■ **TASK DIRECTIONS**
Go to the line with "218G2 ESP Сумка-тележка" in the entries below and write out every line from there through the line with "Portello post. FORD B-Max", exactly and without pictures.

Start of ENTRIES SUPPLIED

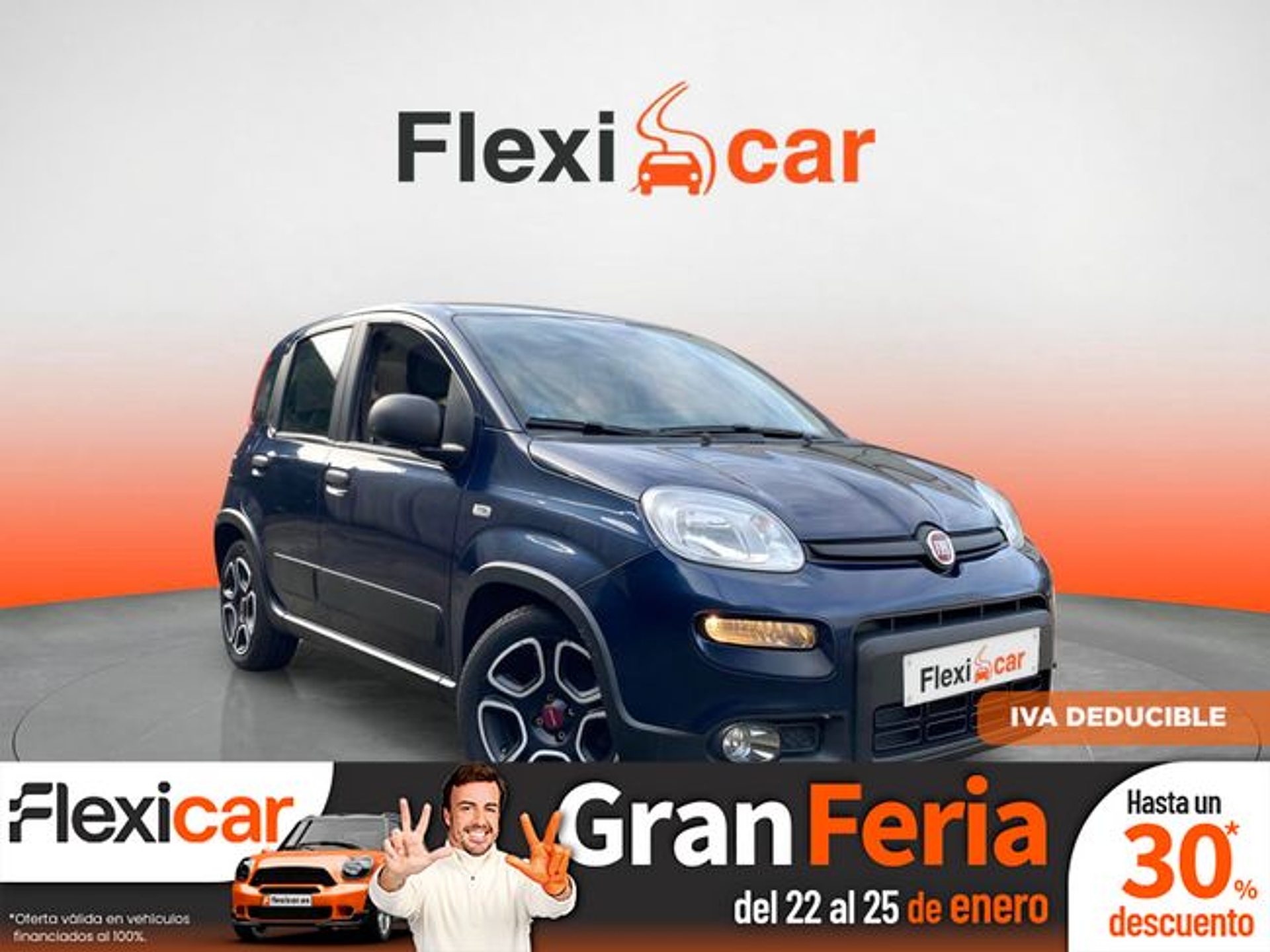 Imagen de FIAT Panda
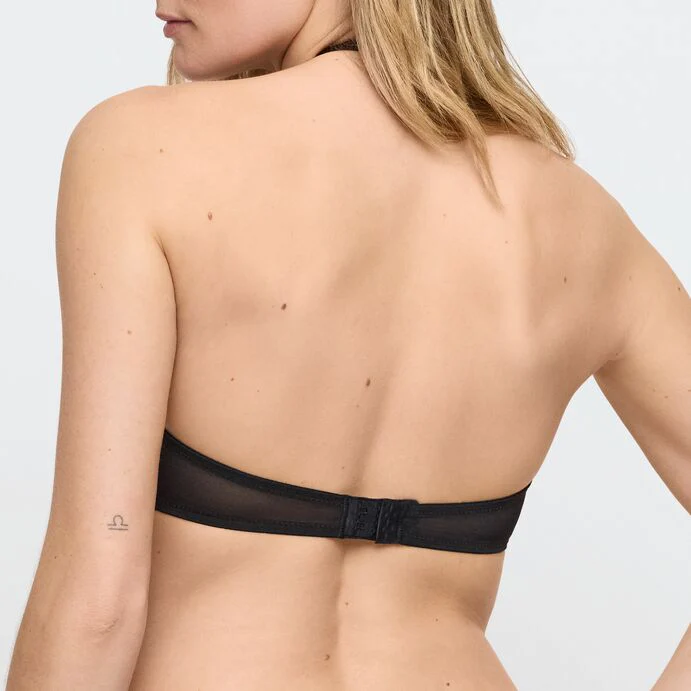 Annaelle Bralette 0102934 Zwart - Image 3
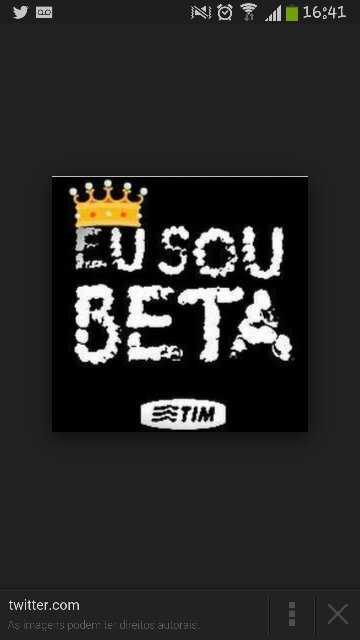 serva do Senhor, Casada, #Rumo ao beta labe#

End of ENTRIES SUPPLIED
Start of ENTRIES SUPPLIED

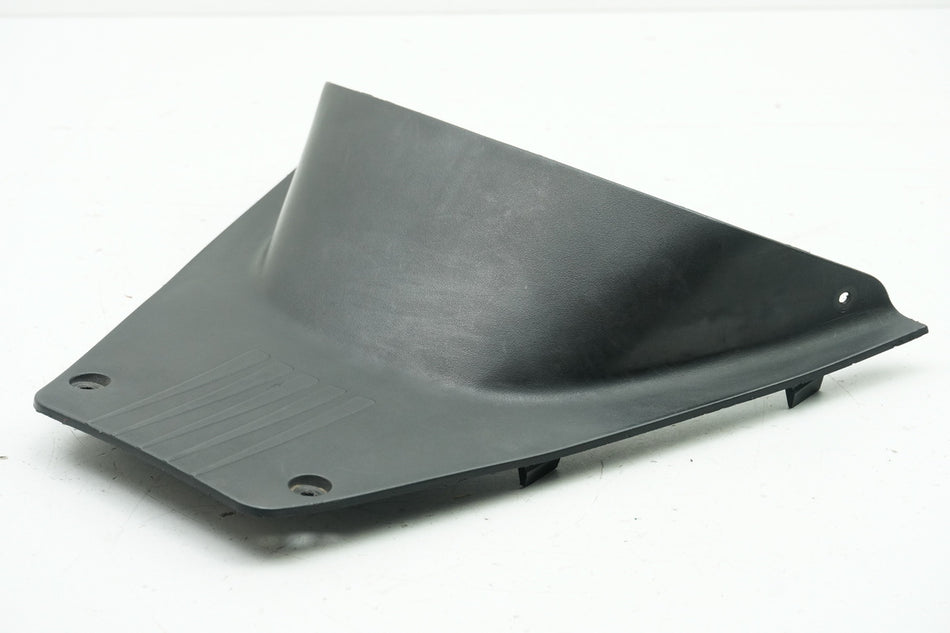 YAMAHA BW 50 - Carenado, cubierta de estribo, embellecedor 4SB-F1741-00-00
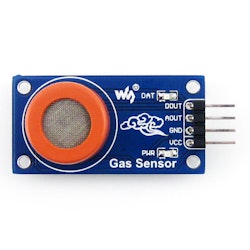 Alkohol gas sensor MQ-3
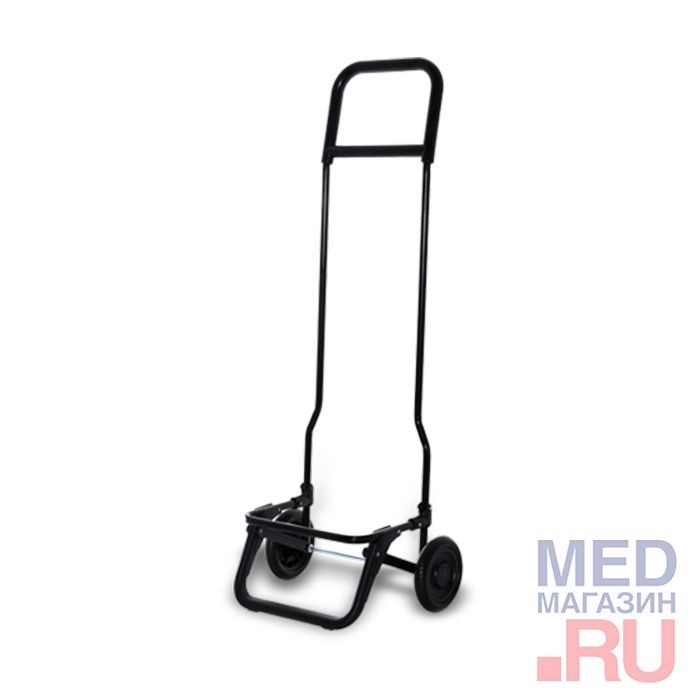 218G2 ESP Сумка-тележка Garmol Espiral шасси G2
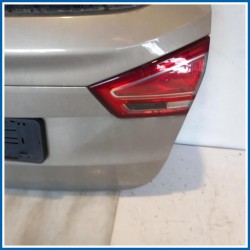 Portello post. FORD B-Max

End of ENTRIES SUPPLIED

■ **RESPONSE**
 218G2 ESP Сумка-тележка Garmol Espiral шасси G2
 Portello post. FORD B-Max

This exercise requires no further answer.